There is substantial evidence in the record to support this finding. I note the testimony that, although Greensburg Coca-Cola maintained the original contract language describing the unit scope as “full-time” employees, it conveyed quite clearly that it interpreted “full-time” to mean employees working 40 hours per week, which is contrary to the previous course of dealing. The Board’s position is also supported by Greensburg Coca-Cola’s original rejection of the union’s proposal to include part-time employees in the unit scope.

There is certainly substantial evidence in the record, even considering the arguments of Greensburg Coca-Cola, that Greensburg Coca-Cola unlawfully insisted on changing the scope of the bargaining unit. I am particularly impressed by the union steward’s explanation of the previous understanding of the term “full-time.” The previous course of dealing is significant from a factual standpoint; as a matter of law, Greensburg Coca-Cola violated §§ 8(a)(1), (3) and (5) at the moment it insisted on its interpretation of the scope of the bargaining unit, which is a non-mandatory subject of bargaining.3

I dissent, too, from the majority’s crediting of Greensburg Coca-Cola’s argument that the Board failed properly to analyze whether there was a nexus between the unfair labor practice and the lockout. The Board adopted the ALJ’s conclusion that Greensburg Coca-Cola unlawfully locked out unit employees in support of its proposal altering the unit’s scope. As a matter of law, I agree. A lockout that is used to support an unlawful bargaining position is itself unlawful and violates the NLRA, specifically §§ 8(a)(1), (3), and (5). Therefore, since I am of the opinion that Greensburg Coca-Cola maintained an unlawful bargaining position with regard to unit scope, it is a short step for me to conclude that its lockout in support of that position was unlawful.

For the foregoing reasons I would have granted the NLRB’s motion for enforcement of its order and denied Greensburg Coca-Cola’s petition for review.

. Greensburg Coca-Cola countered that it was incredible that two employees would forgo their right to union wages and benefits for over one year if they were in fact entitled to join the union. If the union so firmly believed that the two men belonged in the bargaining unit based on the fact that they had completed their probationary periods, the company argued, the union would have insisted that they be admitted immediately.

. Furthermore, Greensburg Coca-Cola’s argument that an impasse had not yet occurred conflicts squarely with our own analysis of that same argument in Latrobe Steel, 630 F.2d at 179 (holding that impasse is not the test under Borg-Warner).
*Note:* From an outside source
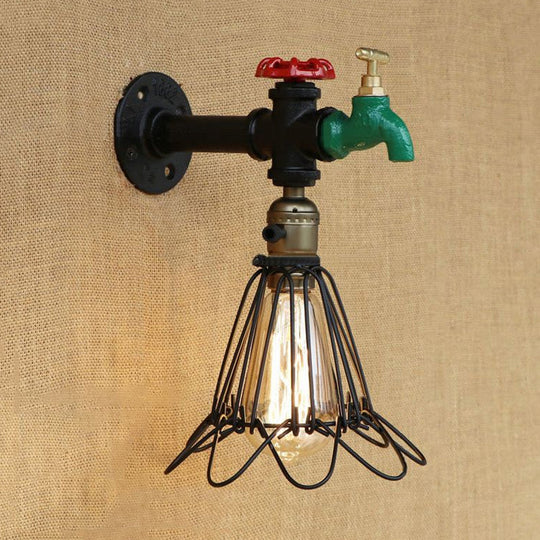 Rustic Metal Cage Wall Sconce Black Finish With Faucet And Valve - 1 Bulb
. In light of my conclusion that Greensburg Coca-Cola unlawfully insisted on a non-mandatory subject of bargaining, I find unavailing the majority's crediting of Greensburg Coca-Cola's suggestions that the recognition clause issue was of little importance to the parties and that because the parties were apart on so many other issues and the union failed to respond to the final proposal, Greensburg Coca-Cola believed that it had met the union’s concerns with respect to part-time employees.